■ **What you have to do**
Retype every entry below without pictures.

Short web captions
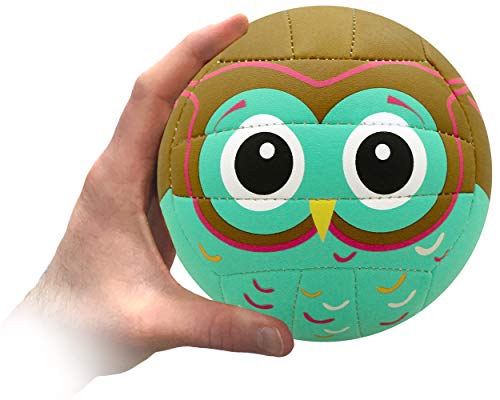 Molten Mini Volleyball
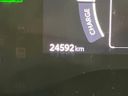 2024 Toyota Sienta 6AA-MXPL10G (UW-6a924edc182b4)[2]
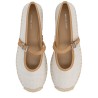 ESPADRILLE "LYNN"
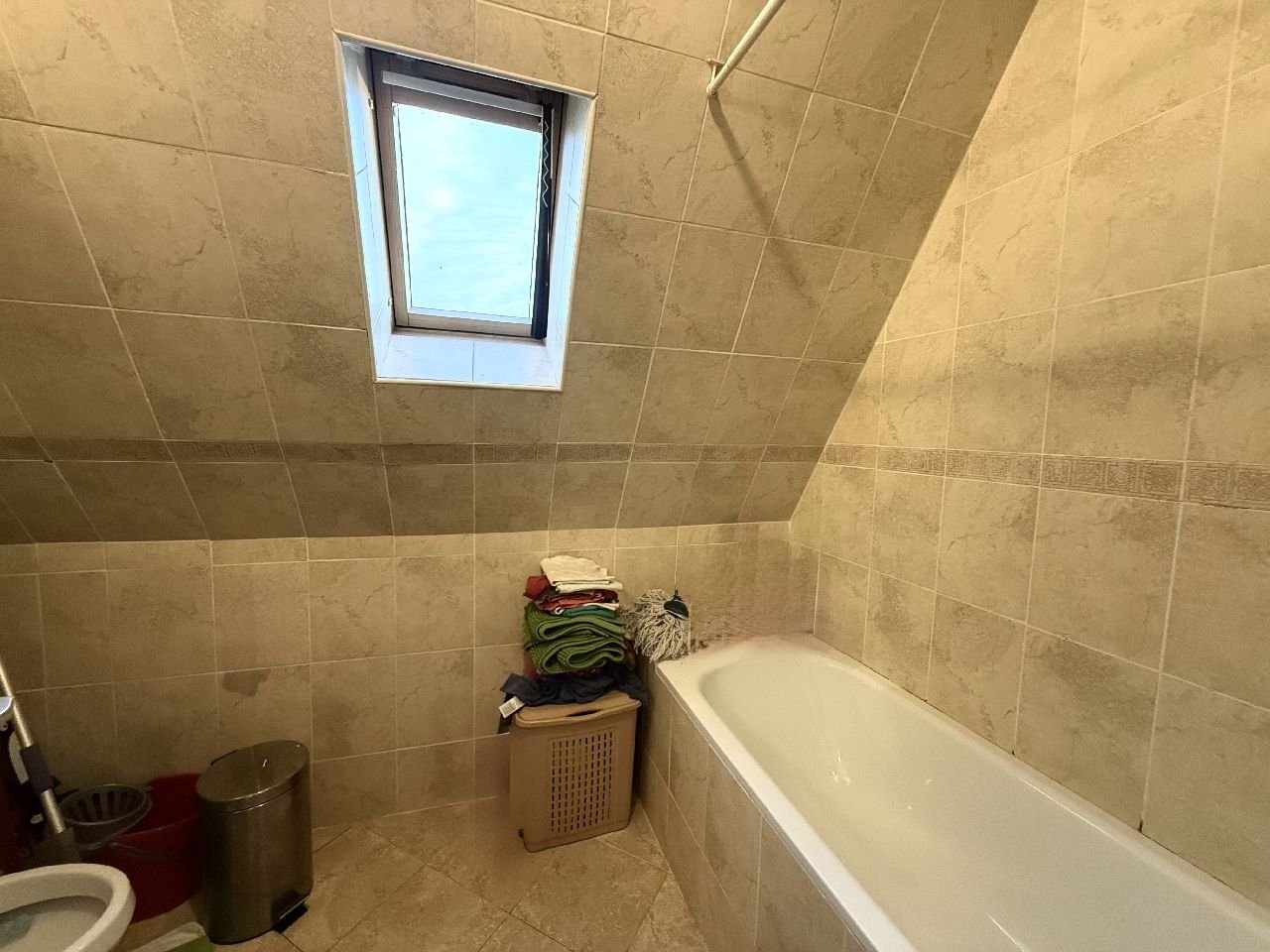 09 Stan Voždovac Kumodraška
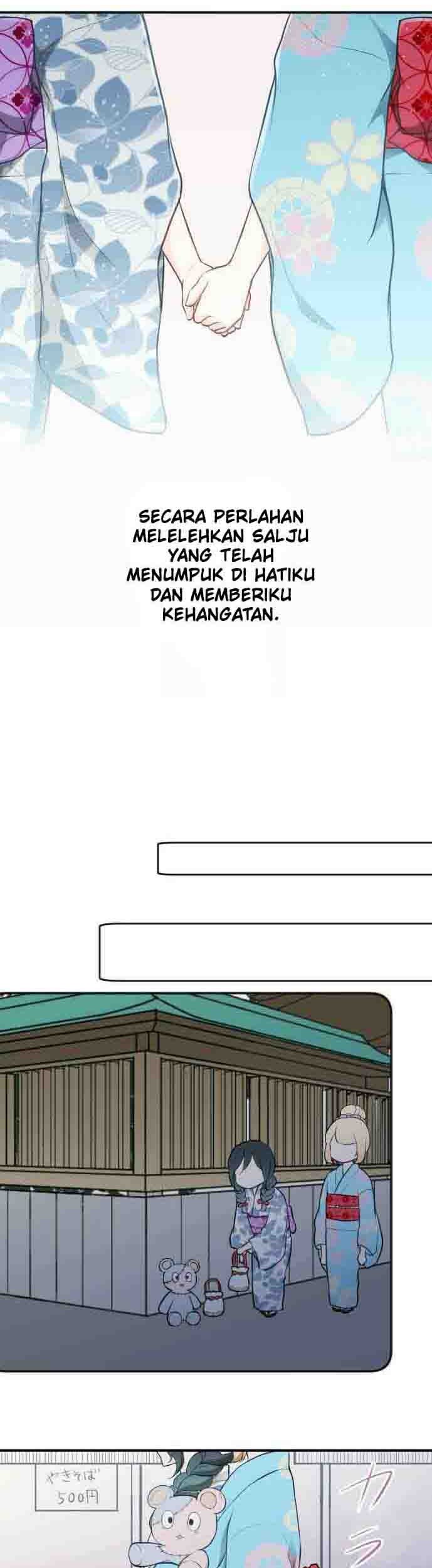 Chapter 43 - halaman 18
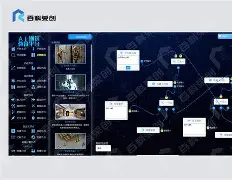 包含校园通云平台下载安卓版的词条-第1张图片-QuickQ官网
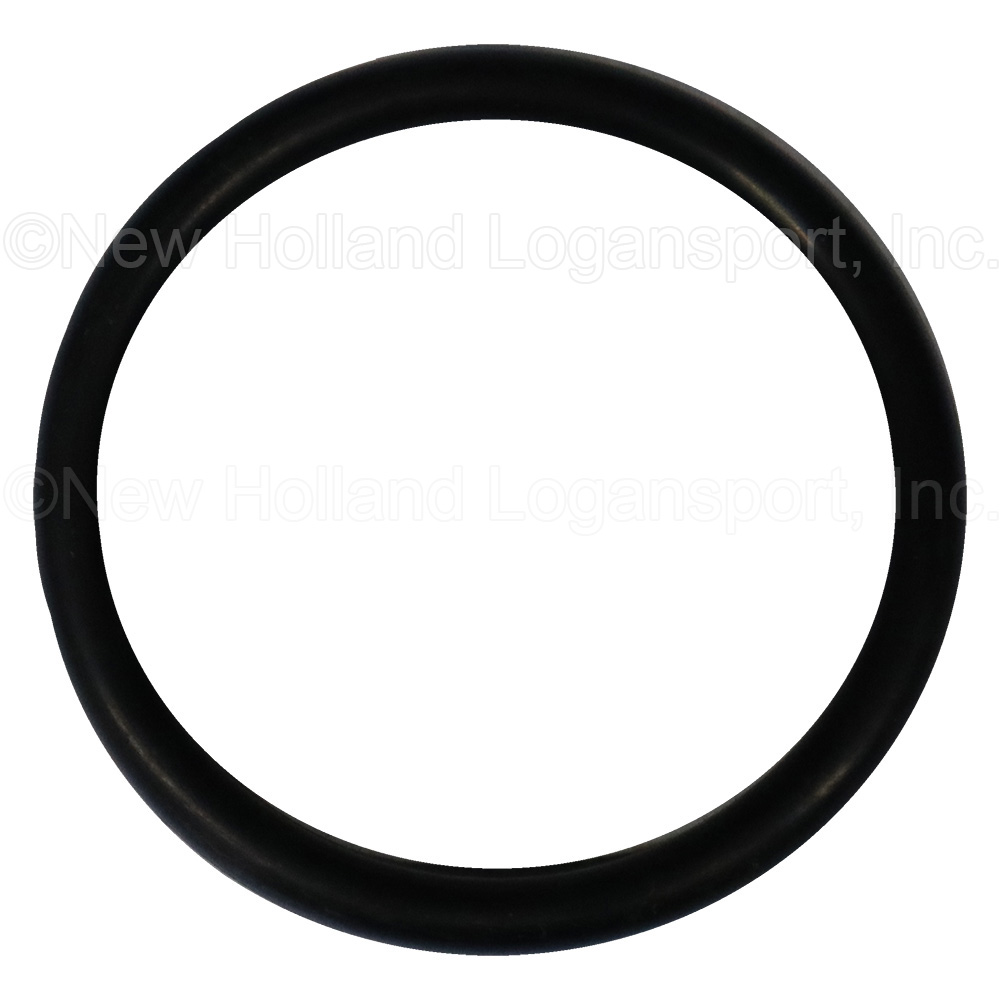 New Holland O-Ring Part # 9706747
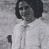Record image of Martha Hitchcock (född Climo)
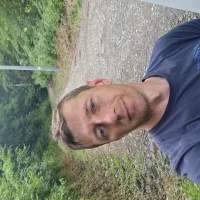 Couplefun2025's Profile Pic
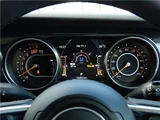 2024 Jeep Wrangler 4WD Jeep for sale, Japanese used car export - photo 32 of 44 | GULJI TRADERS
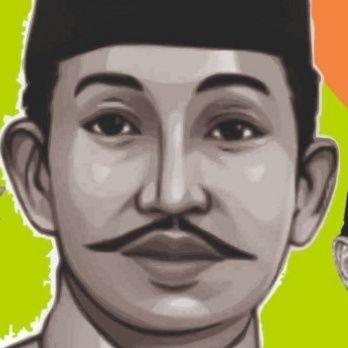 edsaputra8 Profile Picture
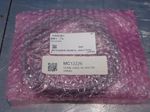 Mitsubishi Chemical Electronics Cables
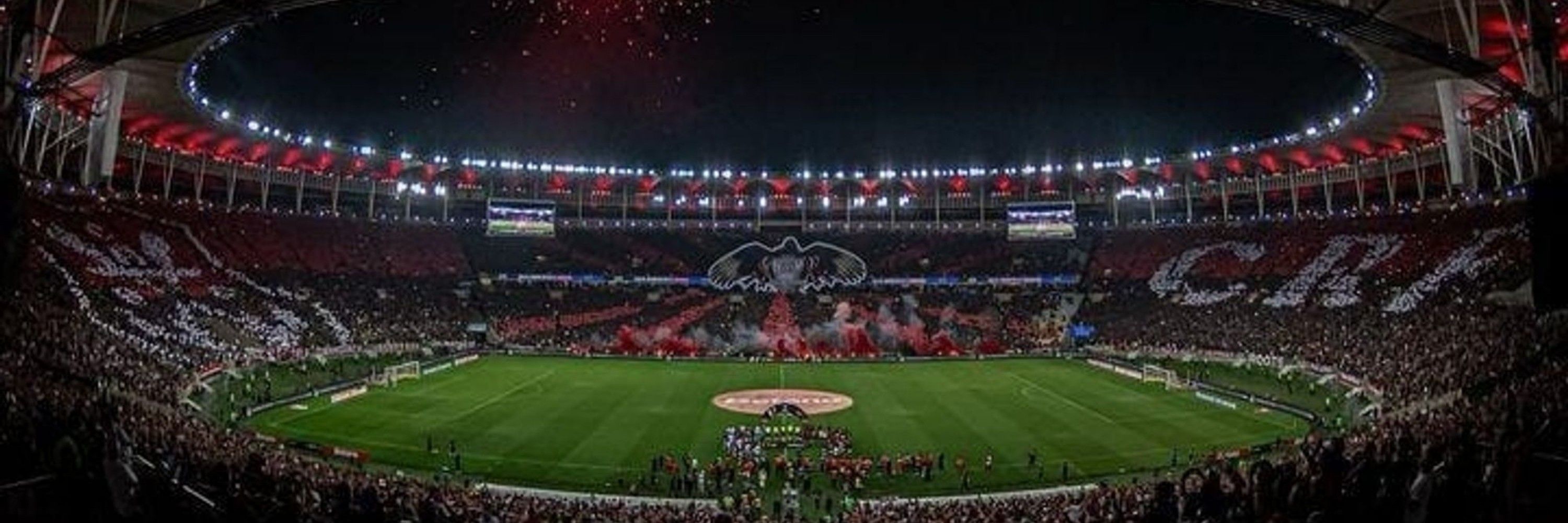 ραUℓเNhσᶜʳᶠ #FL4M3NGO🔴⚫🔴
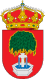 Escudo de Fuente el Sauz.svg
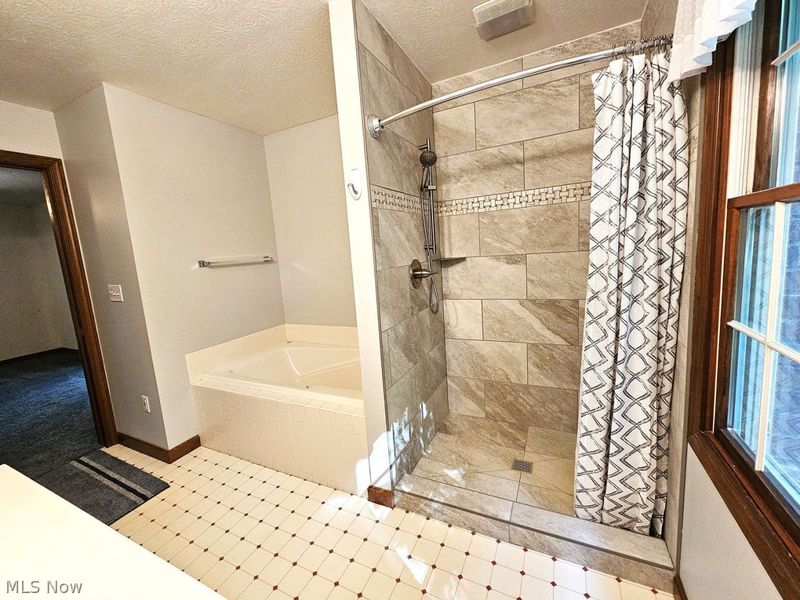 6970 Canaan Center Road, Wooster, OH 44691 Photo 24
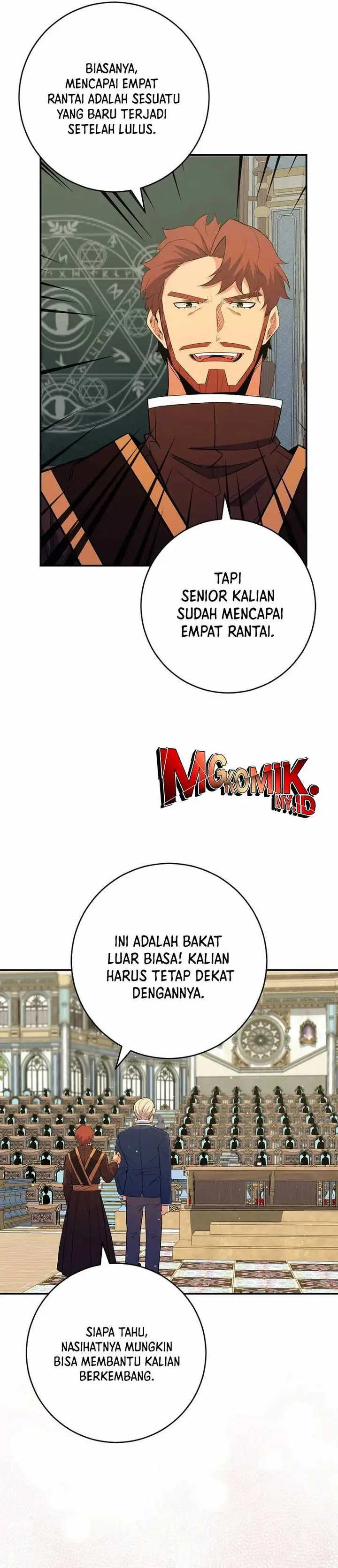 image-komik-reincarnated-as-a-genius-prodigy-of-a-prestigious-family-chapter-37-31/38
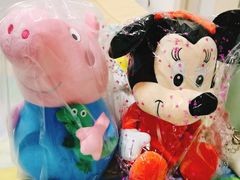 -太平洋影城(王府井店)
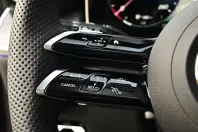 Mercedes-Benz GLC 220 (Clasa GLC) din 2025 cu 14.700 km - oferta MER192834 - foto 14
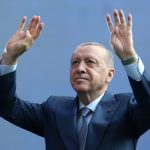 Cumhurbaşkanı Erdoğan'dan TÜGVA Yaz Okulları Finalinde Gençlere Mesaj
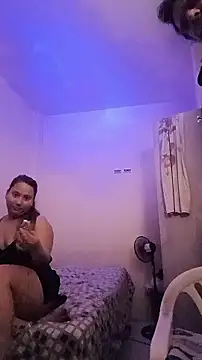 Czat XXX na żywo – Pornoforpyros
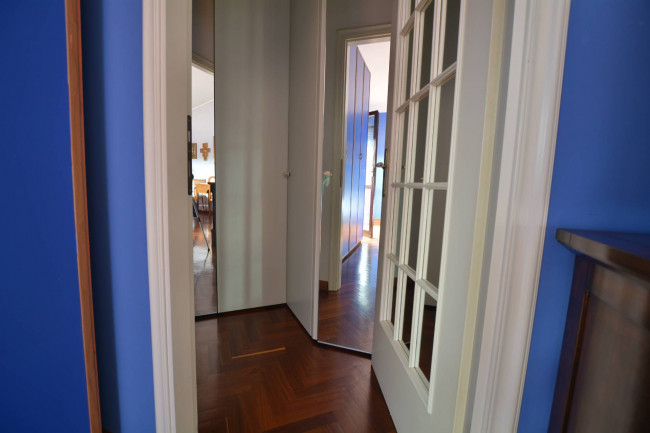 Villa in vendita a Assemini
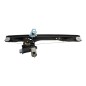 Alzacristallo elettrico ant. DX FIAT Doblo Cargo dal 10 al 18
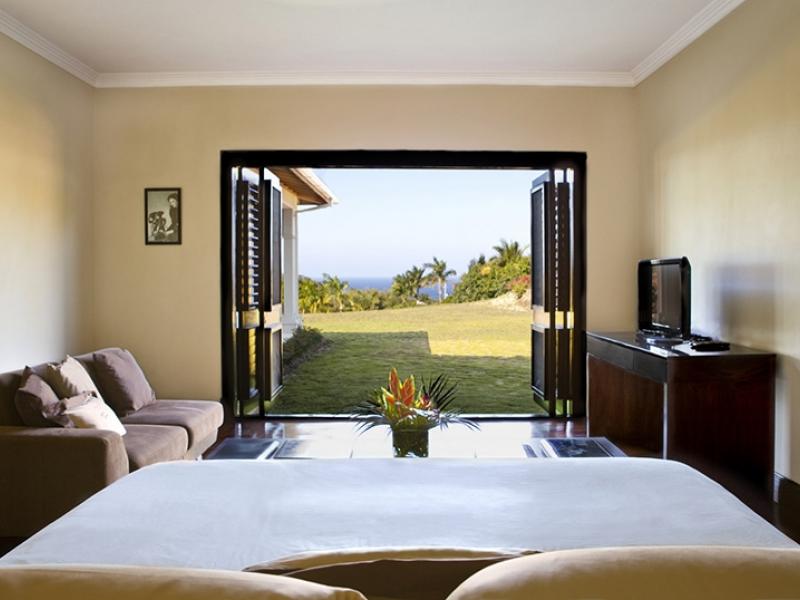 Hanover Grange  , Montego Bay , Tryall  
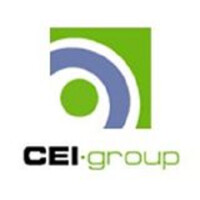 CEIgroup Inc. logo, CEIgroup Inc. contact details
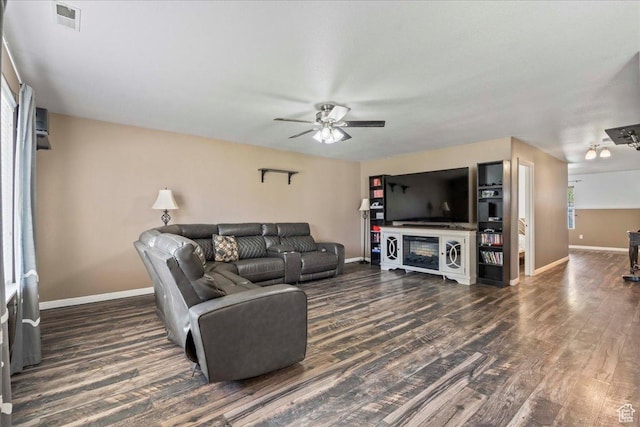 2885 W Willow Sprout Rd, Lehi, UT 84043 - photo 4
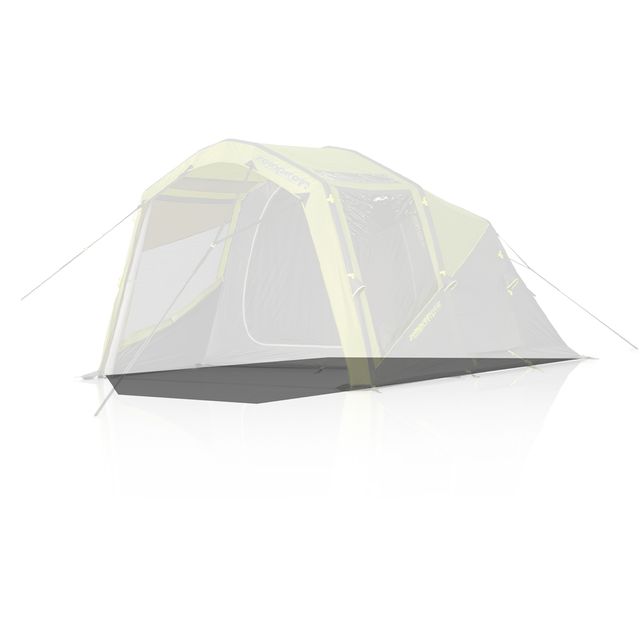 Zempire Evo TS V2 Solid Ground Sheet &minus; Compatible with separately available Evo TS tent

■ **The completed task**
 Molten Mini Volleyball
 2024 Toyota Sienta 6AA-MXPL10G (UW-6a924edc182b4)[2]
 ESPADRILLE "LYNN"
 09 Stan Voždovac Kumodraška
 Chapter 43 - halaman 18
 包含校园通云平台下载安卓版的词条-第1张图片-QuickQ官网
 New Holland O-Ring Part # 9706747
Record image of Martha Hitchcock (född Climo)
 Couplefun2025's Profile Pic
 2024 Jeep Wrangler 4WD Jeep for sale, Japanese used car export - photo 32 of 44 | GULJI TRADERS
 edsaputra8 Profile Picture
 Mitsubishi Chemical Electronics Cables
 ραUℓเNhσᶜʳᶠ #FL4M3NGO🔴⚫🔴
 Escudo de Fuente el Sauz.svg
 6970 Canaan Center Road, Wooster, OH 44691 Photo 24
 image-komik-reincarnated-as-a-genius-prodigy-of-a-prestigious-family-chapter-37-31/38
 -太平洋影城(王府井店)
 Mercedes-Benz GLC 220 (Clasa GLC) din 2025 cu 14.700 km - oferta MER192834 - foto 14
 Cumhurbaşkanı Erdoğan'dan TÜGVA Yaz Okulları Finalinde Gençlere Mesaj
 Czat XXX na żywo – Pornoforpyros
 Villa in vendita a Assemini
 Alzacristallo elettrico ant. DX FIAT Doblo Cargo dal 10 al 18
 Hanover Grange  , Montego Bay , Tryall  
 CEIgroup Inc. logo, CEIgroup Inc. contact details
 2885 W Willow Sprout Rd, Lehi, UT 84043 - photo 4
 Zempire Evo TS V2 Solid Ground Sheet &minus; Compatible with separately available Evo TS tent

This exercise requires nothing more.